Texas Attorney General Ken Paxton echoed this sentiment, arguing against what he termed the “Pronoun Police” rules instituted by the federal government, stating there’s no requirement for Texans to conform to “workplace delusions.”
However, the National Women’s Law Center (NWLC), which had submitted an Amicus brief supporting the original EEOC guidance, criticized the ruling as out of step with Supreme Court precedent. Liz Serang, a senior member at the NWLC, described the decision as rage-filled and blatantly contradictory to established law.
Serang emphasized that the EEOC’s guidance promotes a simple principle: to avoid degrading others based on identity in the workplace.
Kacsmaryk’s interpretation is narrower than that of Bostock v. Clayton County, a landmark Supreme Court case that broadened the definition of sexual discrimination to include protections for LGBTQ+ workers. This precedent determined that employers cannot dismiss workers purely based on their sexual orientation or transgender status.
Jonathan Segal, an employment attorney at Duane Morris, noted that businesses should remain compliant with anti-discrimination laws while acknowledging the contentious nature of Kacsmaryk’s ruling.
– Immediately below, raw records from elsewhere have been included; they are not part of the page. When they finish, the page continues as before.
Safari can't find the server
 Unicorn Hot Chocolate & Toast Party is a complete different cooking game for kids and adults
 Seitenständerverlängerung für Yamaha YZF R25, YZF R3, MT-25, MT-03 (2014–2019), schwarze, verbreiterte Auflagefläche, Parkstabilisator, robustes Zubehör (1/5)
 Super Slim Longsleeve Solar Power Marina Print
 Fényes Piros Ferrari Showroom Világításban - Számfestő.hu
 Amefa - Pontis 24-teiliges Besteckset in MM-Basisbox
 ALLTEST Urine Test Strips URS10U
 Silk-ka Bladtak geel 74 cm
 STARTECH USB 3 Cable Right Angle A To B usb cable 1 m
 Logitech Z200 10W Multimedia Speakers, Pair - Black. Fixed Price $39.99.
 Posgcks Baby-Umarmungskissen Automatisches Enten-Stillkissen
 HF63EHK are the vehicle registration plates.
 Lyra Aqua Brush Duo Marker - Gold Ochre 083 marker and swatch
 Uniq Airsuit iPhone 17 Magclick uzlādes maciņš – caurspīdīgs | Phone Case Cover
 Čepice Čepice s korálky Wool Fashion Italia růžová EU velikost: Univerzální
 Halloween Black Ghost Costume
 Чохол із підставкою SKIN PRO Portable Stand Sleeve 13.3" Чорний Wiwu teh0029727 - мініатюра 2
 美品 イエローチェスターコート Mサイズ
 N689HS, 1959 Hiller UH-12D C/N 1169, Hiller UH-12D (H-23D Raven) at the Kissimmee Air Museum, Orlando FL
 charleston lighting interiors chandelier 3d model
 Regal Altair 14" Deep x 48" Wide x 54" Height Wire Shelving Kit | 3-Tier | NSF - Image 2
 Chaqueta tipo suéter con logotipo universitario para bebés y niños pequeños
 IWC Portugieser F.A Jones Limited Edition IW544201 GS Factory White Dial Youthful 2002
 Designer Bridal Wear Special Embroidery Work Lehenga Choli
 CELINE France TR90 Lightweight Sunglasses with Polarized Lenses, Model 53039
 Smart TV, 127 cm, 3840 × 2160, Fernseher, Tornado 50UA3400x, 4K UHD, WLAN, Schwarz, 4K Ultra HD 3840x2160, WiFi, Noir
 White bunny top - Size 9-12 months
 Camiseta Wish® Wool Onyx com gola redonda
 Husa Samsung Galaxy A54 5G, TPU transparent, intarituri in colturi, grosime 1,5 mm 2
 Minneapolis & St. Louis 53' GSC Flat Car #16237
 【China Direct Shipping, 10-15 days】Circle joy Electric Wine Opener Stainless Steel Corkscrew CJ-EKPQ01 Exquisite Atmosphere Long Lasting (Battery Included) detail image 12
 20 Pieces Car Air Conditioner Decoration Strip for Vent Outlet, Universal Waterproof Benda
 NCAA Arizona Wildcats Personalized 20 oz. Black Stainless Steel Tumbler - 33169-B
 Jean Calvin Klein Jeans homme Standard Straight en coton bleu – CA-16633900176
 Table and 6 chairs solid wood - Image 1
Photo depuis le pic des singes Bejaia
He cautioned against interpreting transgender rights too narrowly.
Segal also stressed that regardless of the existence of explicit guidance, employers must continue to navigate gender identity issues thoughtfully in the workplace.
Employers should be prepared for these scenarios, he suggested, given that the EEOC received over 3,000 complaints regarding discrimination based on sexual orientation or gender identity in both 2023 and 2024.